Thomas Edison was America’s greatest inventor. He was also a hard-nosed businessman and a monopolist. When his company’s success with The Great Train Robbery inspired movie competitors, he set up a trust to drive them out of business.

To avoid the agents of the Trust, the competitors moved from New York City to Chicago, then to Los Angeles, where the sunny weather and the nearness of the Mexico border soon made the City of Angels the movie capital of the world.

Among those making the trip to the Golden State were D. W. Griffith, Cecil B. DeMille, Thomas Ince and Carl Laemmle. All made westerns, but the latter two turned them out with regularity. Laemmle founded Universal Studios, which began producing one- and two- reelers at a rapid rate. Stars like Harry Carey and Hoot Gibson were his answer to Broncho Billy Anderson. The great director John Ford got his start directing Carey westerns.

By contrast, Thomas Ince cared little for westerns. They were simply a means of profit to him so he could make "artistic" movies. Yet he was to produce The Covered Wagon (1923)– the first epic western feature and one which made the western both respected and permanently popular. (The next year, studio production of westerns tripled.) It was almost a stroke of luck when he also created the second great American western star.

Before he went into movies, Ince was a struggling young stage actor in New York City. There, he shared a room with another actor – William Surrey Hart – who was to become a successful Shakespearean actor, then a star as Messala in the stage version of Ben Hur. Hart, who grew up in Dakota near a Sioux reservation, later found great success in western-themed stage plays like The Squaw Man and The Virginian and was disgusted by the movies’ depiction of the Old West. While on tour in California, Hart approached Ince – now a successful film producer –with the idea of doing his own westerns.

Ince was reluctant. Hart was 44 years old, a bit long in the tooth for a western hero. Eventually, Ince gave in when Hart came up with a good story. To Ince’s surprise, Hart’s age proved no problem; and his austere, more realistic depiction of the West caught on with movie-goers.

Hart got his own production unit and began to direct and star in a series of two-reelers for Ince.
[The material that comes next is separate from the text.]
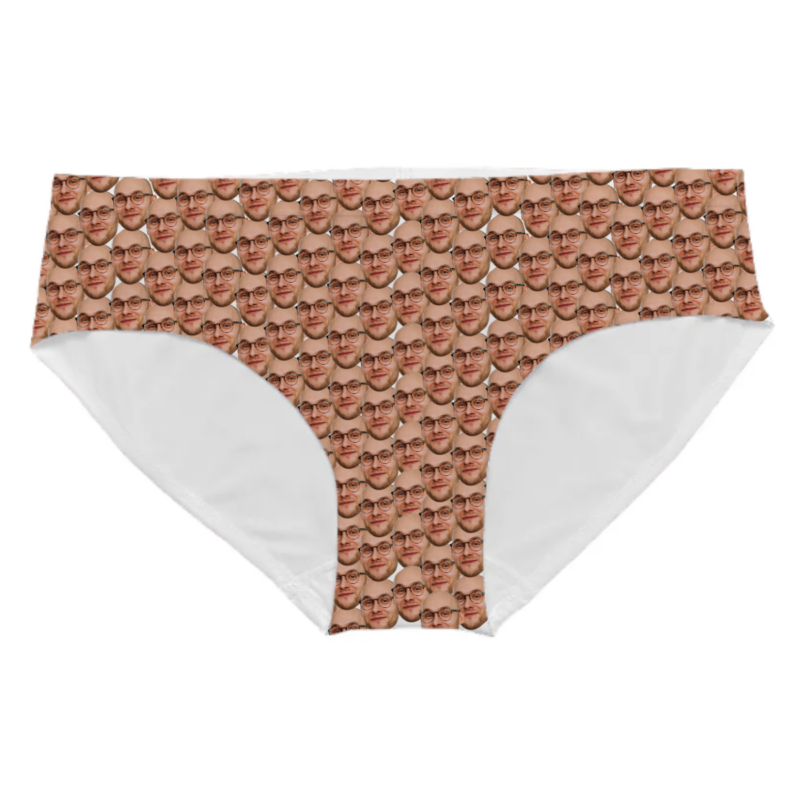 Töff Bikini með andlitsmyndum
When Broncho Billy Anderson left the movies in 1915, Hart was ready to replace him as America’s favorite western star. His somber, intense characters had greater depth; and his direction was more artistic. Like Anderson, he usually played a "good bad man" redeemed by a woman or child. Hart also introduced the idea of the hero’s horse being his partner; and Hart’s pinto Fritz became famous.

Hart moved from two-reelers to features with no loss in quality; and his Hell’s Hinges (1916) and The Tall Texan (1920) stand among the best silent films.

Today, Hart’s films seem overly sentimental and even a bit operatic, but in the late Teens and early Twenties, William S. Hart was king of the westerns. He refused to refine his style, however, and audiences eventually tired of his films. Tumbleweeds (1925) was his last.

An epic story about the land rush into the Cherokee Strip, it was successful enough that it was re-released with a spoken prologue by Hart and sound track music in 1939! But it was still good-bye for Hart and an era. Newer stars and creators would bring new versions of the West.